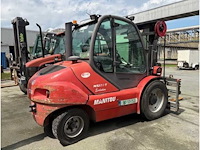 Manitou - msi 50 turbo s1 e3 - vehicle lifts - 2012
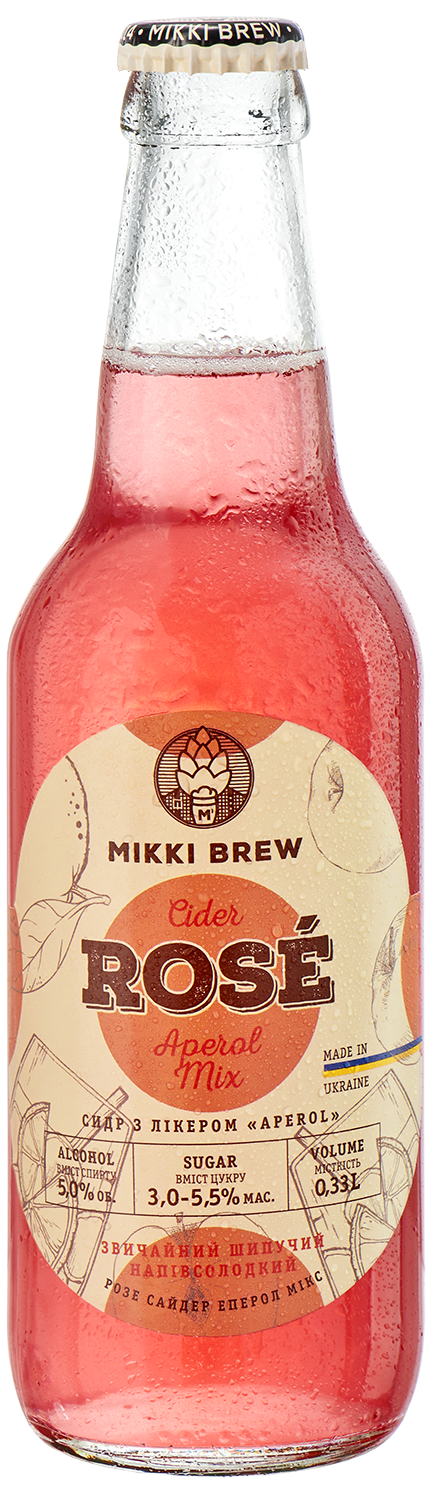 Микки Брю Роуз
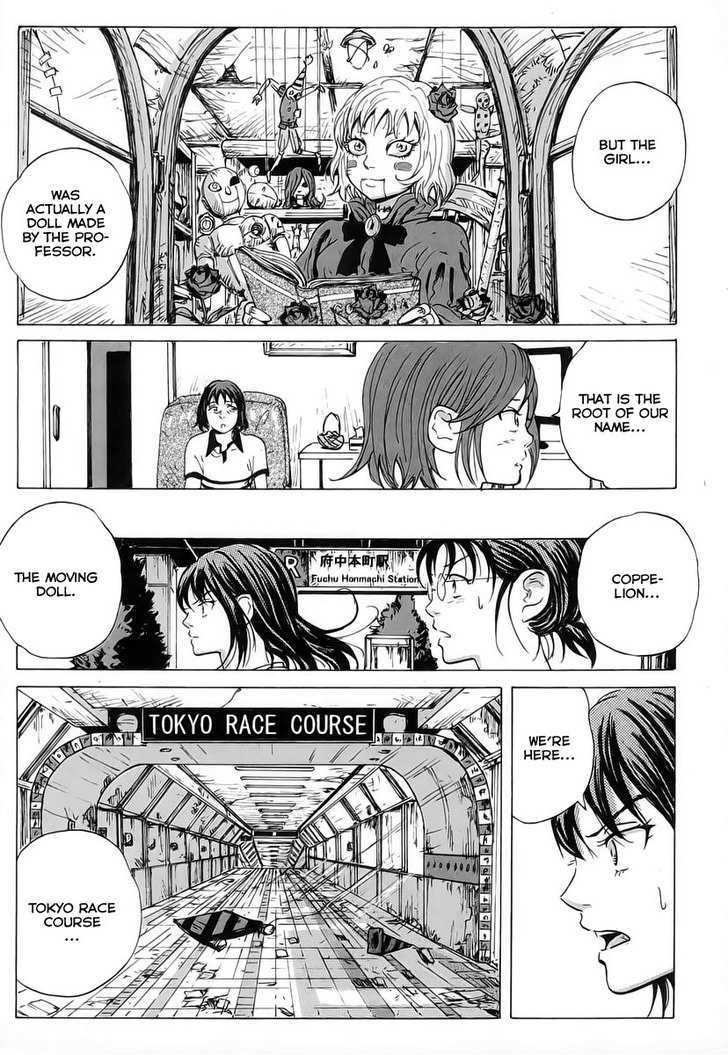 Coppelion - Chapter 7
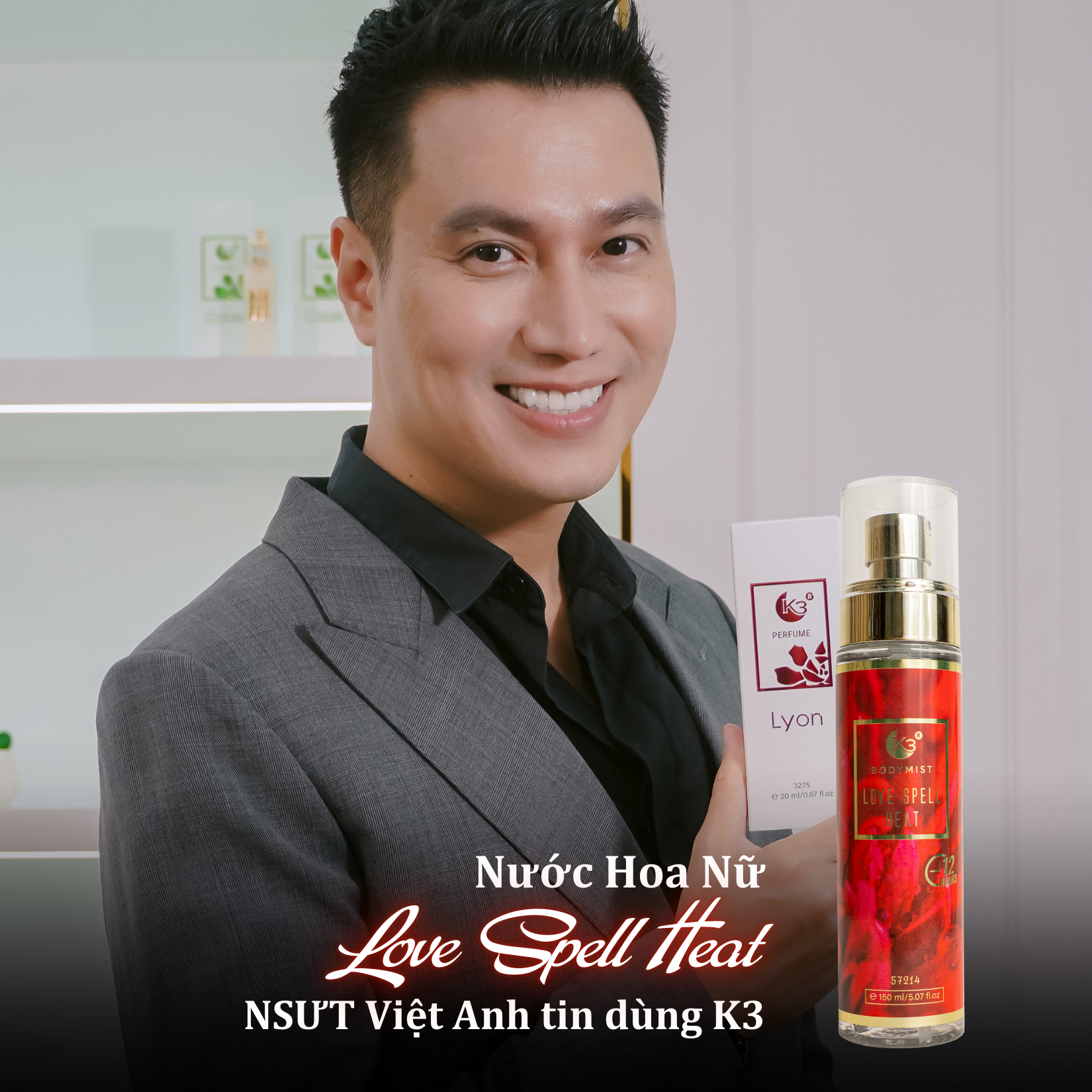 Body Mist Nữ Love Spell Heat_thumbnail_6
•••
Repeat the listing word for word, omitting the pictures.

 Manitou - msi 50 turbo s1 e3 - vehicle lifts - 2012
 Микки Брю Роуз
 Coppelion - Chapter 7
 Body Mist Nữ Love Spell Heat_thumbnail_6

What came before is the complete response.